Dr. Julie Nagam (Metis/German/Syrian) is Canada Research Chair in Indigenous Arts, Collaboration and Digital Media and is an Associate Professor in the department of Art History at the University of Winnipeg. She was the former Chair of the History of Indigenous Arts of North America, a joint appointment with the Winnipeg Art Gallery. Dr. Nagam’s SSHRC research includes digital maker spaces and incubators, mentorship, digital media and design, international collaborations and place-based knowledge. She is a collective member of GLAM, which works on curatorial activism, Indigenous methodologies, public art, digital technologies, and engagement with place.
As a scholar and artist she is interested in revealing the ontology of land, which contains memory, knowledge and living histories.

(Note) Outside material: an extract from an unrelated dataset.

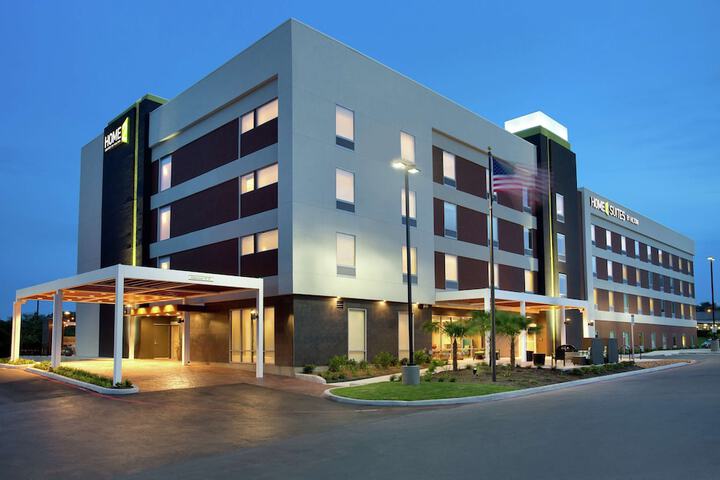 Hotel 2 of 27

Dr. Nagam hosted and organized The Future is Indigenous and the International Indigenous Curators’ Exchange with Australia, Canada, Aotearoa New Zealand and Finland. She is co-editor of Becoming Our Future: Global Indigenous Curatorial Practice and Indigenous Art: New Media and the Digital, a special issue of PUBLIC journal. Dr. Nagam was commissioned to create Manitowapow, speaking to the moon for Nuit Blanche in Toronto (2017) and a digital installation the future is in the land if you listen to it for the Smithsonian’s exhibition Transformer in New York (2017-2018).

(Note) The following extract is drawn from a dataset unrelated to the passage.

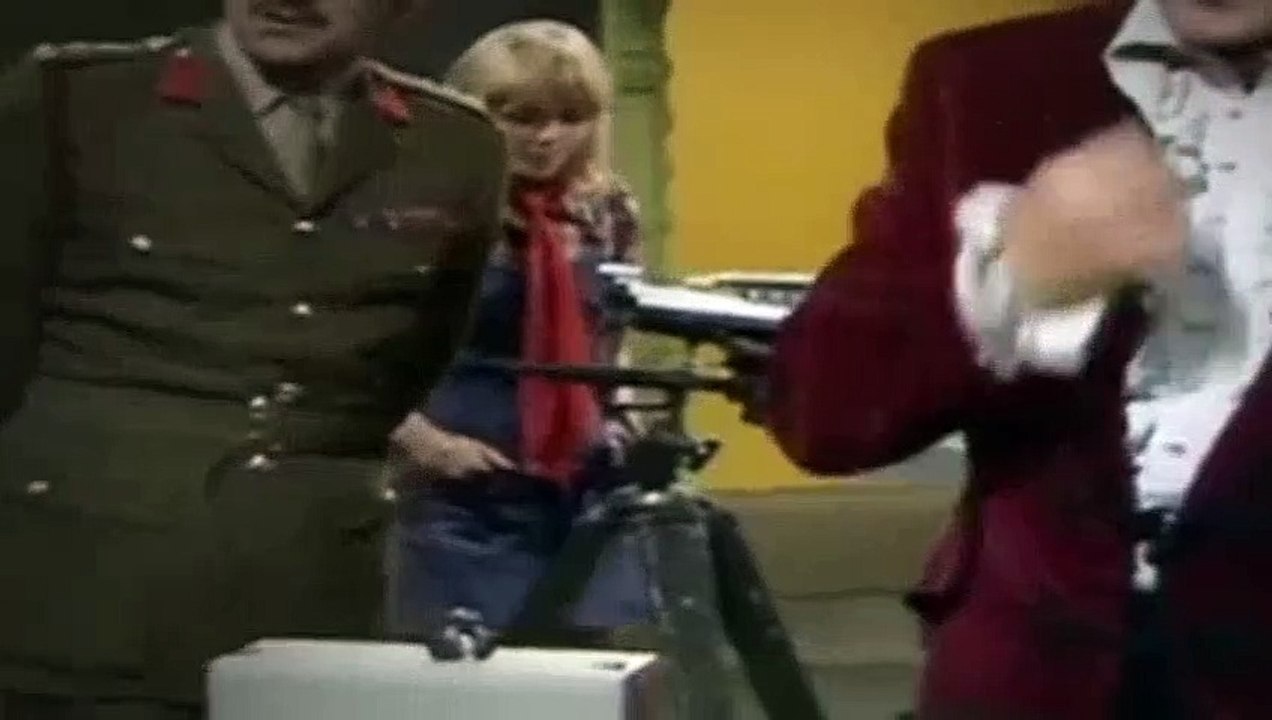 Doctor Who Season 9 Episode 1 Day Of The Daleks Pt 1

She created a new public artwork, Electrical Currents in 2018, and has recently had two solo exhibitions, the future is in the land (2018) at Aspace Gallery and locating the little heartbeats at Gallery 1C03 (2019). Dr. Nagam is the Concordia University and Massey University Scholar in Residence for 2018-2019, and is building an Indigenous Research Centre of Collaborative and Digital Media Labs in Winnipeg, Canada.